11.2. Convolutional Neural Network

Also Known as CNN

Combination of:

  • Deep Neural Networks

  • Kernel Convolutions

  • With assumption, that input is image

../../_images/convolutional-neural-network-overview.png

Figure 11.9. General overview of Convolutional Neural Network

11.2.1. Problemy z przetwarzaniem obrazów

  • cienie

  • nakładające się obrazy

  • zmiany kąta i pochyłości kamery

  • kąt padania światła

  • kolorystyka

  • zakrzywienia płaszczyzny

  • szumy

11.2.2. What is and Kernel Convolution?

../../_images/convolutional-neural-network-kernels.png

Figure 11.10. Convolutional Neural Network with 3x3 kernel convolutions

../../_images/convolution-filter-mean.gif

Figure 11.11. Convolution with 3x3 kernel for Mean Blur Filter

../../_images/convolution-filter-gaussian.gif

Figure 11.12. Convolution with 3x3 kernel for Gaussian Blur Filter

11.2.3. What is Convolutional Neural Network (CNN / ConvNet)

../../_images/convolutional-neural-network-architecture.jpg

Figure 11.13. Architecture of the Convolutional Neural Network

Convolutional Neural Networks are very similar to ordinary Neural Networks from the previous chapter: they are made up of neurons that have learnable weights and biases.

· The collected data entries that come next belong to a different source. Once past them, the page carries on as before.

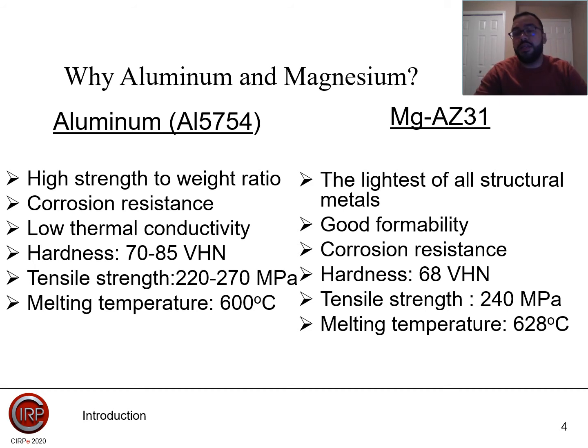For the magnesium alloy, it is the MGAZ31. It is the lightest of all structural metals. It has good formability, corrosion resistance, a hardness of 68 Vickers hardness, a tensile strength of 240 MPa, and a melting temperature of around 630 degrees Celsius.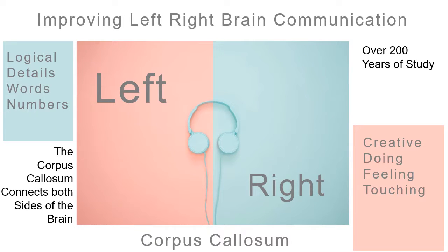So why do you need to listen to binaural beats, and how are they going to help you? Well, they improve left and right brain communication. The left side of the brain is very logical — it looks at words, numbers, details, loves making lists. The right side is very creative — feeling, touching, making. Right between those two is the corpus callosum, connecting the two sides together. Binaural beats enhance or improve that left-right brain communication.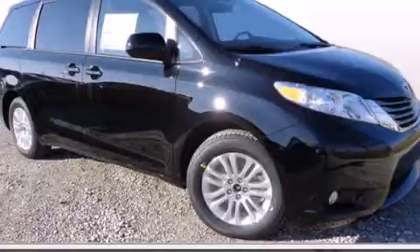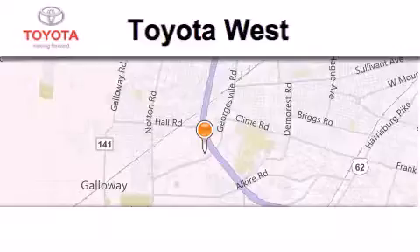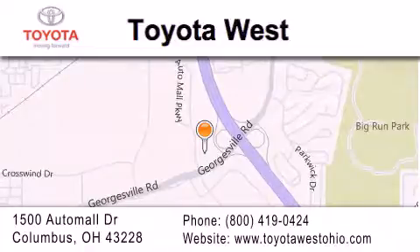Please call today to reserve this vehicle for a test drive. Toyota West is located at 1500 Auto Mall Drive in Columbus. Our goal is to exceed all of your expectations to ensure that you'll return for future visits.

Each neuron receives some inputs, performs a dot product and optionally follows it with a non-linearity. The whole network still expresses a single differentiable score function: from the raw image pixels on one end to class scores at the other. And they still have a loss function (e.g. SVM/Softmax) on the last (fully-connected) layer and all the tips/tricks we developed for learning regular Neural Networks still apply.

../../_images/convolutional-neural-network-transformation.png

Figure 11.14. Convolutional Neural Network layer pool transformation

So what does change? ConvNet architectures make the explicit assumption that the inputs are images, which allows us to encode certain properties into the architecture. These then make the forward function more efficient to implement and vastly reduce the amount of parameters in the network.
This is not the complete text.